AKP döneminde, özellikle 2007-2012 sürecinde sınav merkezleri de ele geçirilerek tüm toplum dinci dershanelere, okullara, yurtlara ve oluşumlara doğru yönlendirilmiştir. 2012 süreci ise artık devletin ve eğitim kurumlarının milli görüş kökenli İslamcılar tarafından büyük oranda ele geçirilmesi, 4+4+4 yasası, imam hatip ortaokullarının yeniden açılması ve imam hatip liselerinin yaygınlaştırılması, tüm liselere seçmeli din dersleri üzerinden medrese programının uygulanması gibi 1773’lerin gerisine giden bir süreçle karşılaşılmıştır.                          

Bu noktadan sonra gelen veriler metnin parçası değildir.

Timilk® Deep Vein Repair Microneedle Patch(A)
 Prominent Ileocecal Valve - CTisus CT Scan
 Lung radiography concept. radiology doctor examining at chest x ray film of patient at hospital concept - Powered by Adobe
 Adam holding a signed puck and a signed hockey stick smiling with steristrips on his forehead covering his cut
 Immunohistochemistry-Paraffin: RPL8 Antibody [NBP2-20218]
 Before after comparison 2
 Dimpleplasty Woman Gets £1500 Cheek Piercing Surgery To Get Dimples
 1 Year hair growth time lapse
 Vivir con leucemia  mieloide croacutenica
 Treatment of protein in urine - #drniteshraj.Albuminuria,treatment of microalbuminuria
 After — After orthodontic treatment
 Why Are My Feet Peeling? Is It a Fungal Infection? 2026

Türban, Kur’an kursu, hafızlık, imam hatip ve değerler eğitimi

Ne yapılmaya çalışıldığını anlayabilmek için özellikle “değerler eğitimi” konseptinin iyi anlaşılması gerekiyor. AKP’nin en stratejik buluş ve kavramlaştırmalarından biri olan “değerler eğitiminin” toplumu ve yeni nesilleri bu çerçevede dönüştürme projesi olduğu, ana ideolojik amacı oluşturduğu, bunun esasının da “dine” dayandırıldığı anlaşılırsa tek tek yapılanların bütün içindeki yeri anlaşılır.

Ahlakın bir tek İslam’a ve dahası tarikatlara bağlanması

2017’de ahlak dersleri dinin de ötesinde tarikatlara bağlanmış bulunuyor. İmam hatip lisesi müfredatından anayasal zorunluluk sayılan “din kültürü ve ahlak bilgisi” dersi çıkarıldığı gibi 2017 müfredatında “temel islam bilimleri “ dersleri arasında “İslam ahlakı” ve “ahlak ve tasavvuf kültürü” dersi eklenmiş bulunuyor. Tasavvufun kuruluşu “tarikat” olup ahlak “tarikatlara” bağlanmış bulunuyor. İmam hatip liselerinde bu iki ders dışında başkaca bir ahlak dersi de yer almıyor.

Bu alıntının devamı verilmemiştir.